EXERCISE REQUIREMENTS: Take every line from the entries below that includes the word "Edition" and copy it.

Collection entries:
· · · · · · ·
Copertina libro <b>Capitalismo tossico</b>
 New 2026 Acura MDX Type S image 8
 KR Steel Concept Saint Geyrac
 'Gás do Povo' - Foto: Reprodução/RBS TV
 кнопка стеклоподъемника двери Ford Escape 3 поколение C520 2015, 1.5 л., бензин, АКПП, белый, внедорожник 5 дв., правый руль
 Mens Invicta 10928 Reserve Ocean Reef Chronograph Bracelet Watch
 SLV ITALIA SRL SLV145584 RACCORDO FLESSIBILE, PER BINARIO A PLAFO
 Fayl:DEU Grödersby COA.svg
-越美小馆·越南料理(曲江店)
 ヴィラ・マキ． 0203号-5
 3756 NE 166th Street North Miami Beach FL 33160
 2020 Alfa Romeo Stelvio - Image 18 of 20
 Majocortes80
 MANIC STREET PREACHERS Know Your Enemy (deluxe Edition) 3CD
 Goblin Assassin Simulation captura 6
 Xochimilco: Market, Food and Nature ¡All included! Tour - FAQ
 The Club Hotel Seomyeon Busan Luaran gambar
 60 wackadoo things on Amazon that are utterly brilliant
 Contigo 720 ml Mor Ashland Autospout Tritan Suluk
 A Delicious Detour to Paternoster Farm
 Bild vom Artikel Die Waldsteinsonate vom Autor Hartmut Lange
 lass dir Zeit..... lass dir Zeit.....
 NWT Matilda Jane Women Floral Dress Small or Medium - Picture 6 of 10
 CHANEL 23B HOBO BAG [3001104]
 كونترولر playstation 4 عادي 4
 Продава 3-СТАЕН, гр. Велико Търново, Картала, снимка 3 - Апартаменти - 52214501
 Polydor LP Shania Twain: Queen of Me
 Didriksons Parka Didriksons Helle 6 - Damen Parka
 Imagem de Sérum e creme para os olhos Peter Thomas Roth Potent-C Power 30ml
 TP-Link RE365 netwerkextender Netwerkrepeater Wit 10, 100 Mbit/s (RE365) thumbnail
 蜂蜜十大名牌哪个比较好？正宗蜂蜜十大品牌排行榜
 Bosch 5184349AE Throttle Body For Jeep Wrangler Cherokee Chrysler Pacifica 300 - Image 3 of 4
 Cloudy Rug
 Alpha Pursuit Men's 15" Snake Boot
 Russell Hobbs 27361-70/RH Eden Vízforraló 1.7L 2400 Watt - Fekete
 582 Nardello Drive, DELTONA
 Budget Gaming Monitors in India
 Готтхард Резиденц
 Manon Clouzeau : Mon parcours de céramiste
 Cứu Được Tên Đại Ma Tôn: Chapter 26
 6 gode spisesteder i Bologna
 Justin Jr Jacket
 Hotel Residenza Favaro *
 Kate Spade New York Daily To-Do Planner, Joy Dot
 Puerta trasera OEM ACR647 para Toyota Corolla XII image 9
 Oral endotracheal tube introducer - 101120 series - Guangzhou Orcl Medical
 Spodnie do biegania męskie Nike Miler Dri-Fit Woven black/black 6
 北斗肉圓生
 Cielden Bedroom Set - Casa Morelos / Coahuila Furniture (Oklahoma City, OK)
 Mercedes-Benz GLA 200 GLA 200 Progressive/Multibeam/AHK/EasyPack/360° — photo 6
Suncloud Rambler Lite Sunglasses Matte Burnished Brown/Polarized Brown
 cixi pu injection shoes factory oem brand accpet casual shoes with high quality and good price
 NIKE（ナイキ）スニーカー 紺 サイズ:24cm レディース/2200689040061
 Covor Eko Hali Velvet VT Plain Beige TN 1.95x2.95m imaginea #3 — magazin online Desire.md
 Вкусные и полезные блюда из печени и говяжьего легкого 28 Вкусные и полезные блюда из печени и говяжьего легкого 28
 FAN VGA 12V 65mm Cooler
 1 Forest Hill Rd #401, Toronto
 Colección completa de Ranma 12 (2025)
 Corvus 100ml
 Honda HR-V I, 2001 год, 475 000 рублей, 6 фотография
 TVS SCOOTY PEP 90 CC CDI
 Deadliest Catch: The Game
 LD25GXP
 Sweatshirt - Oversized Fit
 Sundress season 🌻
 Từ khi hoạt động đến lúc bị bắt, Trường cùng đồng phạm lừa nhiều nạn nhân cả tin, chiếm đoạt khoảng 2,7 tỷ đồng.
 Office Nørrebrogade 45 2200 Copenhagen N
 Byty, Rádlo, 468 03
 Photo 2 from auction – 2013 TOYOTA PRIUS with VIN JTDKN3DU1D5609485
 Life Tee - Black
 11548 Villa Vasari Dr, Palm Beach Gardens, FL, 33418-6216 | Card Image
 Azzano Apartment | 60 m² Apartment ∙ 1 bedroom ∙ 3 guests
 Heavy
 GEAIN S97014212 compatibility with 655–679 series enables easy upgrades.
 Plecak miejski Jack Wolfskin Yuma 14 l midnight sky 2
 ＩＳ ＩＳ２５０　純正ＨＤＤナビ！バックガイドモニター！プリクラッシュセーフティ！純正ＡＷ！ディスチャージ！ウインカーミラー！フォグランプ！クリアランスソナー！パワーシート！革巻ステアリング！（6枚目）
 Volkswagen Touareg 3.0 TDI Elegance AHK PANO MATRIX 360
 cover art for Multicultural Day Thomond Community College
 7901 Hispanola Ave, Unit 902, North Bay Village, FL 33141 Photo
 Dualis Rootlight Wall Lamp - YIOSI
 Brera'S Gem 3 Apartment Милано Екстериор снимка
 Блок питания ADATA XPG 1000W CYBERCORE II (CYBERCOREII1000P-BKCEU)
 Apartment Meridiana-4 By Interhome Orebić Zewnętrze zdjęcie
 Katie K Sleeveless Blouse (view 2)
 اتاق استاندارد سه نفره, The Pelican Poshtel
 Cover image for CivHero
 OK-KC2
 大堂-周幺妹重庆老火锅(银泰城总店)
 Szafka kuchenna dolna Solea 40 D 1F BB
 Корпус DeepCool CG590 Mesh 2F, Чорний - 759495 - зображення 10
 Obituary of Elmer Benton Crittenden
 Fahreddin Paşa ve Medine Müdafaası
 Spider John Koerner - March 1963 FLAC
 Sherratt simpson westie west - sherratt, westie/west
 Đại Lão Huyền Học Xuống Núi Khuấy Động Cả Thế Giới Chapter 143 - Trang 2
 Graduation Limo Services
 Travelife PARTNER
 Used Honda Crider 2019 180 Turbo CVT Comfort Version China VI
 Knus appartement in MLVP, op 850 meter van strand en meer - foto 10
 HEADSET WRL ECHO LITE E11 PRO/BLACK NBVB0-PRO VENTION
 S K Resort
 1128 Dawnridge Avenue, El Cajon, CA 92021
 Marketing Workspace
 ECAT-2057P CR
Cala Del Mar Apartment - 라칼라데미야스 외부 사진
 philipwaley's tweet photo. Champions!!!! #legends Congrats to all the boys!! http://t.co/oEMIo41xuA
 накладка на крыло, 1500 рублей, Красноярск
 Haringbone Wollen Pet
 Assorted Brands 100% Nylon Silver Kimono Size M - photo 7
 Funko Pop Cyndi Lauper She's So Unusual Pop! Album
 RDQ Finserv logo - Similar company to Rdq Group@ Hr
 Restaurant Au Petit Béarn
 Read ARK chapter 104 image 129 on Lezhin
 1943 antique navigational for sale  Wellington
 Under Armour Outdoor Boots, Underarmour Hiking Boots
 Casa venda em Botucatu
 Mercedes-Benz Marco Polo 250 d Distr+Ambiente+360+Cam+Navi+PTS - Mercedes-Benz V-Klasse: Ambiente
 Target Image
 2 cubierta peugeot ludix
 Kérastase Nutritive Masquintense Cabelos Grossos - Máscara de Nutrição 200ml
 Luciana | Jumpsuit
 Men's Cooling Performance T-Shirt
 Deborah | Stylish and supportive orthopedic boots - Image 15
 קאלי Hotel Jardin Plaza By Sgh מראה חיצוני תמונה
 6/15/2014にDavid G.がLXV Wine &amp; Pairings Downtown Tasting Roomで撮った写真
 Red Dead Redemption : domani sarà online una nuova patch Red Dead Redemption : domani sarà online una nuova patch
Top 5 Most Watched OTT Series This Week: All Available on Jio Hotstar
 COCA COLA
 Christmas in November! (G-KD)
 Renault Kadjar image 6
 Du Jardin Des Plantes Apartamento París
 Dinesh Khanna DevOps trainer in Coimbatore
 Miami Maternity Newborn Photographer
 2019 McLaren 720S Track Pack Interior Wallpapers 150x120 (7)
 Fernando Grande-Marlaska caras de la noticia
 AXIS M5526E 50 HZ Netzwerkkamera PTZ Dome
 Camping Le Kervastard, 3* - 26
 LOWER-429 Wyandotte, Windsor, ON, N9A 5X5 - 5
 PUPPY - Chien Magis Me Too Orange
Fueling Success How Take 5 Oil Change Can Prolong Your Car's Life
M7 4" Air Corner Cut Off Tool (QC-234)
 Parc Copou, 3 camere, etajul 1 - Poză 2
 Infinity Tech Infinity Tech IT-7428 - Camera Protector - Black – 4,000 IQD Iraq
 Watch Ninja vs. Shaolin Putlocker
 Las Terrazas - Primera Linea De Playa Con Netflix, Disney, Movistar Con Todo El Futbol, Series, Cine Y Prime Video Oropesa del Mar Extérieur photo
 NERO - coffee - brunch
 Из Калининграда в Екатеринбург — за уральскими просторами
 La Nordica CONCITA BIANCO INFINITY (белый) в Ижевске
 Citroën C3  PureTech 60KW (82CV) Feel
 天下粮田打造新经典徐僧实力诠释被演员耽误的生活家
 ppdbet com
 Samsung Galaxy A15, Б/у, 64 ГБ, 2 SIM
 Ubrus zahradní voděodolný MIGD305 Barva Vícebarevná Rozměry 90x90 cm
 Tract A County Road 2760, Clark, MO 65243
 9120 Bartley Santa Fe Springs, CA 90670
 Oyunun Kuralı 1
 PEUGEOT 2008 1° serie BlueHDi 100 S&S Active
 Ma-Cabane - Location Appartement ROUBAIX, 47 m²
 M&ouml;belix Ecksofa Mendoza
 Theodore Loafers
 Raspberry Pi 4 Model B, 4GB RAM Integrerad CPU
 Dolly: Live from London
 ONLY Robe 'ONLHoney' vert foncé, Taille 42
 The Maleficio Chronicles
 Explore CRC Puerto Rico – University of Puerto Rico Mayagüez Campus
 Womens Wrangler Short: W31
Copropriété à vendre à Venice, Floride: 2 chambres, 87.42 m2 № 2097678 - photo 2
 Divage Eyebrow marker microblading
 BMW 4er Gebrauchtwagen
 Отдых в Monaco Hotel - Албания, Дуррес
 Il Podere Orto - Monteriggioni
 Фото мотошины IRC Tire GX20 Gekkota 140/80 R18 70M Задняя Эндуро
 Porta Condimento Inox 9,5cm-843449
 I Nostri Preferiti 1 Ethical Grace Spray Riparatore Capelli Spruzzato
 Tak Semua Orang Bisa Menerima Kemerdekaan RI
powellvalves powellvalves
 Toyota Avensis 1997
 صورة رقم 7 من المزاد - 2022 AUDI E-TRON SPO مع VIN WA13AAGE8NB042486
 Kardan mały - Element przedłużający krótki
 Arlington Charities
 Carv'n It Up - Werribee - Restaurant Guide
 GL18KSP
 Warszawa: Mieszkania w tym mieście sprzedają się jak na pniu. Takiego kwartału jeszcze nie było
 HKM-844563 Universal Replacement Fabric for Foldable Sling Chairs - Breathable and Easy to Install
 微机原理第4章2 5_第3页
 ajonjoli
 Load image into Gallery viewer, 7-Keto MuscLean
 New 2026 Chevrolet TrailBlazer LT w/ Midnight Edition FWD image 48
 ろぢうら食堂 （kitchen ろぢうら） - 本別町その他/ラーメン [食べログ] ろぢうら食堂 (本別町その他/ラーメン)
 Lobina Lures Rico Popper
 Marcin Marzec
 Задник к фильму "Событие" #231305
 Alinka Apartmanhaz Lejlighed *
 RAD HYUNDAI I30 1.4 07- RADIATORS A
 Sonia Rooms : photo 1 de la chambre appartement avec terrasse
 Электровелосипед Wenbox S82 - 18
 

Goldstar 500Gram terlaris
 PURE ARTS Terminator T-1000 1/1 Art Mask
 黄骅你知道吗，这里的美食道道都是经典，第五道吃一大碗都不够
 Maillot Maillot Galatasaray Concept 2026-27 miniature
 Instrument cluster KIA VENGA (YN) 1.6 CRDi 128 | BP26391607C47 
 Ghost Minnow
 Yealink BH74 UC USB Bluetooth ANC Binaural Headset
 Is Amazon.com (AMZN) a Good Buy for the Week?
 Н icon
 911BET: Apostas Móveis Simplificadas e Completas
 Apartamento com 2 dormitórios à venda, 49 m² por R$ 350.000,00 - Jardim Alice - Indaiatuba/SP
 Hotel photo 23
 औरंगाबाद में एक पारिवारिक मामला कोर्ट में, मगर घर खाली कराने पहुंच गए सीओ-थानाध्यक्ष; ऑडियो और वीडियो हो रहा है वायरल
· · · · · · ·
COMPLETED EXERCISE:
 MANIC STREET PREACHERS Know Your Enemy (deluxe Edition) 3CD
 New 2026 Chevrolet TrailBlazer LT w/ Midnight Edition FWD image 48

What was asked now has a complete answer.